Goat Cheese and Chive Cookies
Prep time
Cook time
Total time
These cookies are perfect for cocktails or other occasions. They will remain tender for up to 3 days if stored in a covered container. You can freeze the rolled-out dough or the dough log for up to 2 months, then cut or slice the cookies and bake directly from the freezer.
Serves: About 35
  • 1 stick (8 tablespoons; 4 ounces; 113 grams) unsalted butter, cut into chunks, at room temperature
  • 3 ounces (1/3 cup packed; 85 grams) soft fresh goat cheese
  • ½ teaspoon fine sea salt
  • ½ teaspoon coarsely ground black pepper
  • 2 tablespoons finely chopped fresh chives (can substitute scallion greens)
  • 1 large egg, at room temperature
  • 1 teaspoon honey
  • 1¼ cups (170 grams) all-purpose flour
  1. Make the Dough: Working with a stand mixer fitted with the paddle attachment, or in a large bowl with a hand mixer, beat the butter, cheese, salt, pepper and chives together on medium-low speed until light and well blended, about 2 minutes.
  2. Add the egg and honey and beat for 2 minutes. Turn off the mixer, add the flour at once and pulse to start incorporating it.

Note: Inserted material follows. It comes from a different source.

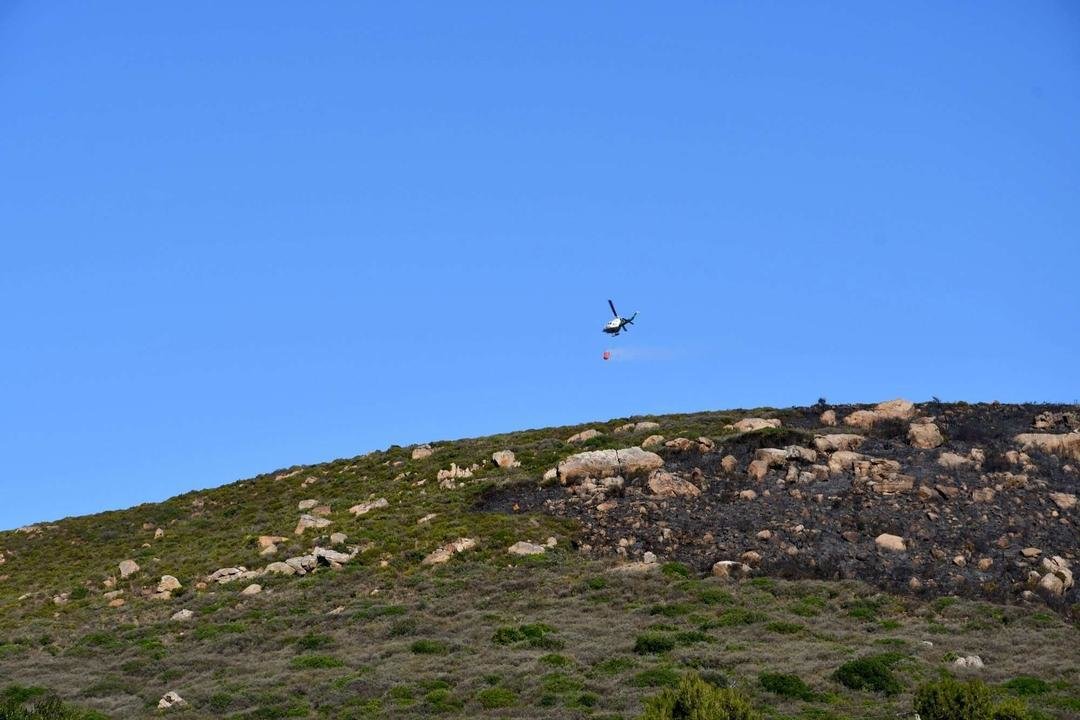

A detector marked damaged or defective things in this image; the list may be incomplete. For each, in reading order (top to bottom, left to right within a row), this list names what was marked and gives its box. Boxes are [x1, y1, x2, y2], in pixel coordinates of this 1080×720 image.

Then mix on low speed only until the flour disappears and the dough comes together. If you have some dry ingredients on the bottom of the bowl, stir them in with a flexible spatula. Next, shape the dough into a disk (for cut-out cookie shapes) or sausage (for sliced cookie rounds), using one of the methods below. Method 1: Turn the dough onto a work surface, gather it together and press it into a disk. Place the disk between pieces of parchment paper and roll ¼ inch thick. Keeping the dough between the paper, slide it onto a baking sheet and freeze for at least 1 hour. If your baking sheet is too large to fit in the freezer, carefully transfer the parchment paper onto a flat surface on the freezer. Method 2: Divide the dough in half and with your hand, shape each half into a sausage ¼ inch in diameter. Roll each sausage around parchment paper and freeze for 1 hour.
  3. Prepare to Bake the Cookies: Center a rack in the oven and preheat it to 350ºF (180ºC). Line a large baking sheet with parchment paper or a silicone baking mat.
  4. Shape the Cookies: For heart-shaped cookies: Have a small hart-shaped cookie cutter (about 1¼-inch-diameter) at hand. You can use any other shape or a circle (although slicing the circles is easier, to save time). Peel away the parchment paper from the top of the dough. Cut out as many cookies as you can and place them on the lined baking sheet, leaving at least an inch between them. (If the dough gets too soft as you're cutting, stop and put it and the already cut cookies in the freezer to firm briefly.) Gather the scraps together, flatten them into a disk, re-roll ¼ inch thick and freeze. For sliced round cookies: Unwrap one dough sausages and, using a sharp knife, slice into circles at 1¼ inch intervals. Place on the linked baking sheet, leaving at least an inch between them.
  5. Bake the Cookies: Bake for 15 to 18 minutes, or until the cookies are browned on the bottom, lightly golden and firm to the touch on top. As the cookies bake, you'll see butter bubbling around the tops and edges – it will settle into the cookies as they cool. Transfer the baking sheet to a rack and allow the cookies to rest for at least 5 minutes before serving, or let them cool completely. Cut and bake the scraps or sliced rounds, making sure the baking sheet is cool (or, use another baking sheet). The cookies can be stored for up to 3 days in a covered container.
Adapted From Dorie Greenspan's Dorie's Cookies.

Leave a Reply

  1. Hi Feride,

    Just wanted to say thank you for your great recipes from our homeland.
    By the way, last week I made these goat cheese cookies and they were so perfect!

    Keep inspiring your readers with your tasty and unique recipes.